When a team of Yahoo engineers left the company in 2011 to spin out Hadoop startup Hortonworks, the change wasn't as stark to either company as one might have expected. That's because Yahoo didn't just invest in Hortonworks and let it go on its way transforming the big data technology, which during its formative years was largely developed within Yahoo, into a commercial software product. In some ways, the two companies never really parted ways.

"We more or less virtualized the engineering departments between the two companies," said Hortonworks Vice President of Engineering Greg Pavlik, in a recent interview. "... There's a pretty tight overlap between what Yahoo needs and what Hortonworks is looking to productize."

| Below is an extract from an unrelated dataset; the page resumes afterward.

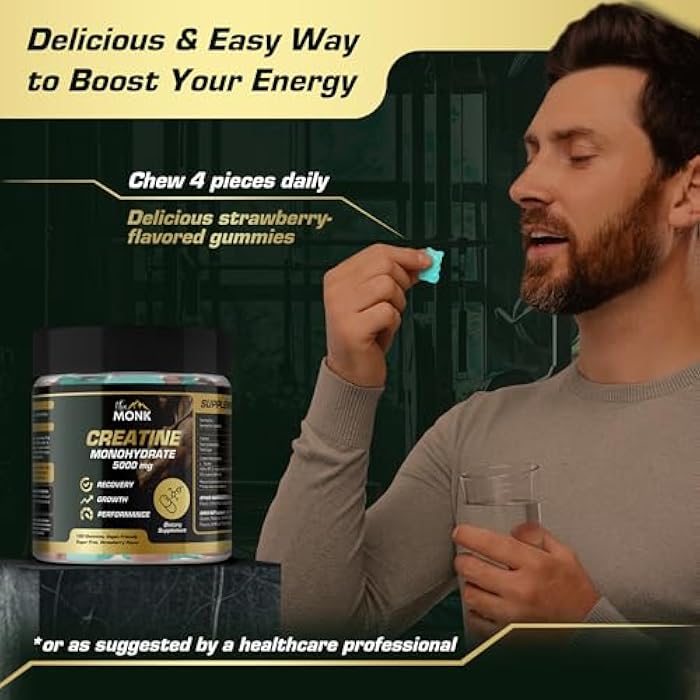 THE MONK Creatine Monohydrate Gummies for Men & Women - Sugar Free, Vegan, Gluten-Free, Non-GMO - 5000 mg Per Serving - 120 Gummies - Image 5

In fact, Yahoo Senior Vice President of Platforms and Personalization Jay Rossiter noted, "not a week goes by" where engineers from the two companies aren't getting together and working closely on building new Hadoop technologies or improving the existing ones. On the surface, it's not such a big deal given how Hortonworks came to be, but it's definitely an advantage.

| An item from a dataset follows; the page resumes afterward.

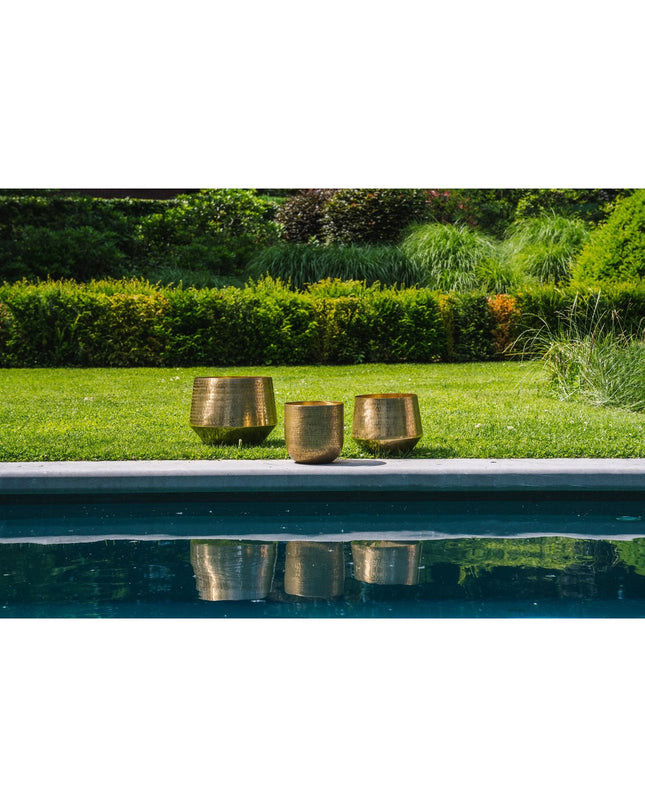 De Gehamerde Plantenbak - Messing - XL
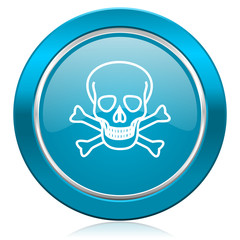 skull blue icon death sign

L to R: Sumit Singh (Yahoo), Jay Rossiter (Yahoo), Greg Pavlik (Hortonworks), Tim Hall (Hortonworks). Source: John Curley

L to R: Sumit Singh (Yahoo), Jay Rossiter (Yahoo), Greg Pavlik (Hortonworks), Tim Hall (Hortonworks). Source: John Curley

Early on, debate among Hadoop vendors -- particularly Cloudera and Hortonworks -- was as much about its engineers' pedigrees and whose business model was best as it was about actual technology. But now that all the vendors in the space are largely staking out their own paths technologically -- at least when it comes to non-core technologies such as security, interactive queries and cluster management -- an engineering agreement with a large end-user seems pretty meaningful.

"I believe that the most interesting data management work happening on the planet right now is happening in the consumer internet, in general, and at Google in particular," Cloudera co-founder and Chief Strategy Officer Mike Olson said on the Structure Show podcast in February. "We watch very carefully what is happening at the big scale-out web properties as basically a prediction of what more traditional enterprises are going to want in the future."

Say what you will about its business, but Yahoo, which operates a many, many-petabyte Hadoop environment and runs 26 million Hadoop jobs a month, probably counts, too.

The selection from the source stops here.